All of these changes slightly improve the printed directions. But one change can vastly improve directions copied by hand: adding the destination address as the last step.

When I had a small party at my house early in August (before the changes), everyone used Yahoo! Maps for directions because I included a Get directions to my house URL in the invitation. One friend called just before arriving to ask what my address was. Another friend asked a neighbor which house was mine. They both forgot to copy down the address, which appeared in the invitation e-mail and at the top of the Yahoo! Maps page but not in directions themselves.

Yahoo! Maps joins Mappoint in including the destination address as the last step in the directions. Mapquest and Expedia Maps still do not. Expedia's last step is "End: Arrive End".

Sign anywhere

Wednesday, September 3rd, 2003

Financial Registration cards don't have a spot for a signature. Most students behind the tables say "Sign your name anywhere". This semester, Michael Vrable was behind one of the tables, and he said "Sign your name at the bottom" or "Sign your name anywhere at the bottom" instead. Michael's instructions would have saved me a second of looking for the best place to sign (important when there's a line) but wouldn't have been as much fun. There wasn't a line when I was there.

Suggestions for Google Calculator

Tuesday, August 19th, 2003

General suggestions

  • Stay within unit systems. If I search for rod= or acre, give the answer in feet or square feet, not meters or square meters. If I search for 1 acre / 1 mile, say 8.25 feet instead of 2.5146 meters.
  • Output in km/h rather than m/s if the inputs are in terms of kilometers and hours or days. 800 km / 8 hours should be 100 km/h (rather than 27.77777778 m/s), but 3/5 c and 10 m / 3 s should be in m/s.
  • Parse 8 h as "8 hours", not "8 times Planck's constant". Not everyone knows what Planck's constant is or that it is represented by "h". I noticed this problem while searching for 800 km / 8 h. Strangely, 800 km / 100 km/h works as I would expect.
  • Never round aggressively. Round without explanation once (one baker's dozen in dozens), and you lose my trust whenever you output an integer (1 acre in square feet) unless I figure out your rule for when to round.

Error-handling

  • Floating-point arithmetic errors (1 / 0, 2 ^ 2000) should be displayed by default. Currently, they cause the calculator line to not appear, as if the calculator hadn't feature been triggered at all.
  • Unit errors should be displayed by default. Examples: 1 acre in feet, 1 meter + 2 seconds, cube root of a square mile.
  • There should be a way to see syntax errors so I'm not left in the dark when I make an error in my input and only get search results. It would make sense to use = at the end of a search for this, since = already causes questionable calculations like 1 feet= or 8 mile= and useless calculations like 6 cm= to be displayed.

New features

This is my second post about Google Calculator.
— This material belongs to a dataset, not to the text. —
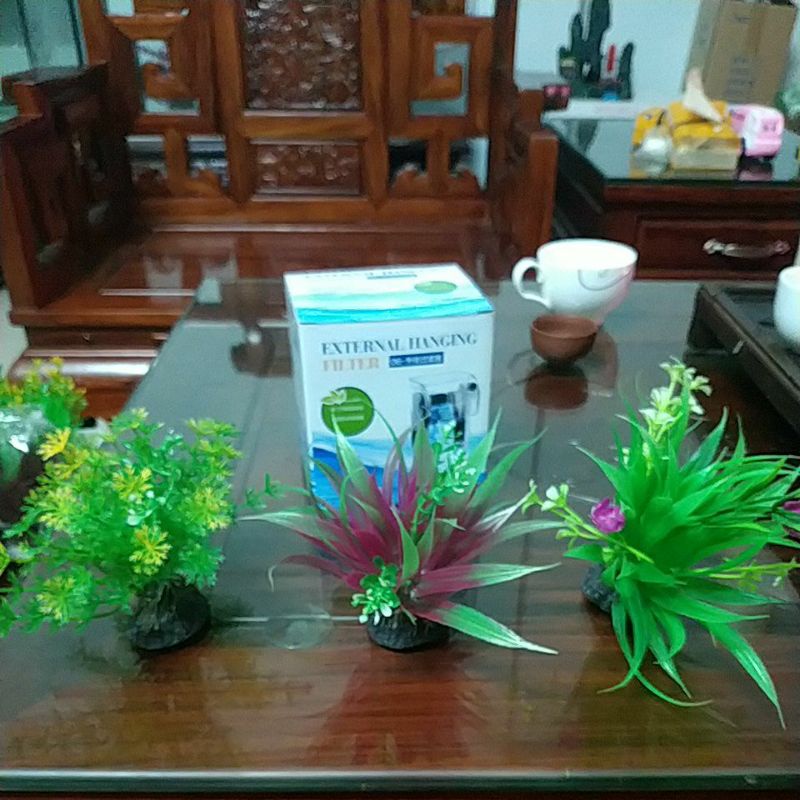 Cây nhựa trang trí bể cá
My first was Units in Google Calculator.

Five things not to do at the command line

Thursday, August 7th, 2003
rm blah *
This user meant to type "rm blah*", but accidentally hit space between 'h' and '*'. As a result, rm deleted blah, then deleted everything.
tar czf *.cpp *.h
The first filename after 'f' is tar's output file. "Well, all but the first one got backed up at least..."
grep --context=100 "foo" * > found.txt
This user was trying to search a directory of IRC logs for some text. Since the output file (found.txt) was in the same directory, grep kept finding new matches in found.txt and adding them to the end of found.txt. Found.txt was 900MB by the time he noticed the error.
rm -rf $2Applications/iTunes.app 2
The lack of quotes around "$2Applications/iTunes.app" caused this line in the iTunes installer to only work as intended when $2 contained no spaces. If $2 was "Disk 1", a disk called "Disk" could be deleted.
cd $DESTDIR
rm -rf *
gunzip -c $FILE | tar x
This user had not mounted the memory stick $DESTDIR was on before running the script. The cd failed to move to $DESTDIR, but the script continued, deleting everything in the directory the script was running in.

Three of these examples come from a thread on the East Dorm chat list.